Голова Бреннера слишком сильно болела, чтобы смотреть на жест Шнайдера, но он также чувствовал, что, когда он отключился, его снова подключили ко всем кабелям. Вот только эта мысль его не успокаивала. Напротив: единственные минуты за последние три дня, в течение которых он чувствовал себя достаточно хорошо, на самом деле были те, в которые он не был подключен к аппарату – и у него не было иглы в руке, из-за чего Бог знает – что просочилось в его тираж.
«Я вижу», – внезапно сказал он. Шнайдер моргнул. «В качестве?»
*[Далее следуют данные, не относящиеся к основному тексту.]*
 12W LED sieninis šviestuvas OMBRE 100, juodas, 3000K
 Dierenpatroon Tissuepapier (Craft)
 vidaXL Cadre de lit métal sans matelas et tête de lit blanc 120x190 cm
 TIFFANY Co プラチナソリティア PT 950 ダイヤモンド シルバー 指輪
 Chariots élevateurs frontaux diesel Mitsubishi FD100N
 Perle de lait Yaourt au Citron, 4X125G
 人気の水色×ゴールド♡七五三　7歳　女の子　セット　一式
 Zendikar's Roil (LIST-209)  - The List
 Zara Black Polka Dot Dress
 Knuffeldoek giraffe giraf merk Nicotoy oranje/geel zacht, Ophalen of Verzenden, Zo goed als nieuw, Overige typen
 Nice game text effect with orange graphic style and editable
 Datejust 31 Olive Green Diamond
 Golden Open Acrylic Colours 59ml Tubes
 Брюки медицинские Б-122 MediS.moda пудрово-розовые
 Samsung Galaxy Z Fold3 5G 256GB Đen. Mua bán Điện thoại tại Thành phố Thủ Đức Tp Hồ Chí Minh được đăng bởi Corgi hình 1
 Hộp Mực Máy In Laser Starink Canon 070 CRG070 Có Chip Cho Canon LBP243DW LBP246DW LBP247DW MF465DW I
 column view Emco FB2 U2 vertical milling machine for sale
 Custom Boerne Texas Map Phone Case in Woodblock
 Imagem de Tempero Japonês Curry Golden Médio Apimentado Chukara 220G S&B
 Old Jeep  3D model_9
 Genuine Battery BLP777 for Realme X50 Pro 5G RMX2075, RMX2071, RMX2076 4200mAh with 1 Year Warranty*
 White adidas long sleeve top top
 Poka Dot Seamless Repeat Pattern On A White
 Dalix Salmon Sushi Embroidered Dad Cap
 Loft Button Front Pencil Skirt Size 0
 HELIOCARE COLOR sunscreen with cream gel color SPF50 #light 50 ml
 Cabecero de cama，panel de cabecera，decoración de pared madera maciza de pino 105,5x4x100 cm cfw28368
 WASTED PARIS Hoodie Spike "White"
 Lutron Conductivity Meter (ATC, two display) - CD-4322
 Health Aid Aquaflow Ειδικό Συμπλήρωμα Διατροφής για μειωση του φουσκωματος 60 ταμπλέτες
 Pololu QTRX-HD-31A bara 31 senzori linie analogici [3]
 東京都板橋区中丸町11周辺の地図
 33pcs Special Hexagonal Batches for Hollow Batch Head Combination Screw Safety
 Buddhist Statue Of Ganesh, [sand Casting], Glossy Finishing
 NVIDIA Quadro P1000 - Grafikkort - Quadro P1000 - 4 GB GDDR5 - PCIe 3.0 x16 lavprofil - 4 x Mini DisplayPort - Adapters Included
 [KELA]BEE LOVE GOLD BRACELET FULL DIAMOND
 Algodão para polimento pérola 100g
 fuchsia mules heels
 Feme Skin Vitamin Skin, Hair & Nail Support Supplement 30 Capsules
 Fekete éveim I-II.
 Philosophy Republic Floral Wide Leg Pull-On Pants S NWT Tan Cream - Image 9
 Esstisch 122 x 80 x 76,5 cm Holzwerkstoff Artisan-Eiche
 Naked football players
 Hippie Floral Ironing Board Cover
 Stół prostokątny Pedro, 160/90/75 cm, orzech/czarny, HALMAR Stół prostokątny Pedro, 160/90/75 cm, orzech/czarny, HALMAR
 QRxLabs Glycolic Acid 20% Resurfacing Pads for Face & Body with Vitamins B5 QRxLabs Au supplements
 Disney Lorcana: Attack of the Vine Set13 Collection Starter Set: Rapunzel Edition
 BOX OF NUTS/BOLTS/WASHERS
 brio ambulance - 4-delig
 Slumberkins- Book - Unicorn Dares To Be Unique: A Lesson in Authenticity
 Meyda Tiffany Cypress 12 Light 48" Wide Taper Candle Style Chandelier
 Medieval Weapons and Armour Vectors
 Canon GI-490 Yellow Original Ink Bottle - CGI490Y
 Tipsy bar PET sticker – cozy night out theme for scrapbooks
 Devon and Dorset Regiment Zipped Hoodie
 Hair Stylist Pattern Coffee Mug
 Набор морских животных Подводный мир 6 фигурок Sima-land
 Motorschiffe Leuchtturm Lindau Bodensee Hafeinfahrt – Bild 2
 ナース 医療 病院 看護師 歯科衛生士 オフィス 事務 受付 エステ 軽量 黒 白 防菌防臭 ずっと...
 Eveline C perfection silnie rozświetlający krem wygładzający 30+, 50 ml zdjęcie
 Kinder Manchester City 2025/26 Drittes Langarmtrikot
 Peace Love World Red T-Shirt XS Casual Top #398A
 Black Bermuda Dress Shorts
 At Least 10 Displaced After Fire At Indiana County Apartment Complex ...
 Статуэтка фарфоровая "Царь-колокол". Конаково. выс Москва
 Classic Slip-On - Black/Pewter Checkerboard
«Мои глаза», – ответил Бреннер. «Внезапно я стал видеть намного лучше. Еще нет, но со вчерашним днем не сравнится. Это произошло внезапно: я проснулся и снова смог видеть. Вот почему я встал ".
Реакция Шнайдера озадачила его. Врач бросил на него пронзительный взгляд на несколько секунд и впервые посмотрел ему не просто в лицо, а прямо в глаза. Затем он сделал быстрый шаг назад, поднял руку и спросил: «Сколько у этого пальцев?»
«Четыре», – ответил Бреннер – что, честно говоря, почти советовали. Рука Шнайдера уже находилась в размытой границе его все еще ограниченного поля зрения, так что он не был уверен, показывает ли он только двумя, тремя или четырьмя пальцами вверх. Но это был шанс тридцать процентов, и он попал в цель. Шнайдер был так поражен на мгновение, что ему даже не нужно было видеть его лицо, чтобы почувствовать его удивление. И он, вероятно, был слишком сбит с толку, чтобы повторить попытку, потому что он снова подошел ближе и снова несколько секунд смотрел на Бреннера, не говоря ни слова. Как ни странно, Бреннер читал в его глазах всевозможные ощущения – удивление, замешательство, профессиональное любопытство и подозрительное сомнение, которое стало инстинктом у таких людей, как он, – за исключением одного: радости.
«Кажется, ваше облегчение ограничено, – сказал Бреннер.
Шнайдер слегка поморщился и тут же изобразил на лице фальшивую улыбку. «О нет, – поспешно сказал он. «Вы поступаете со мной несправедливо. Я всегда рад, когда моя работа увенчивается успехом. Это просто ... довольно удивительно ".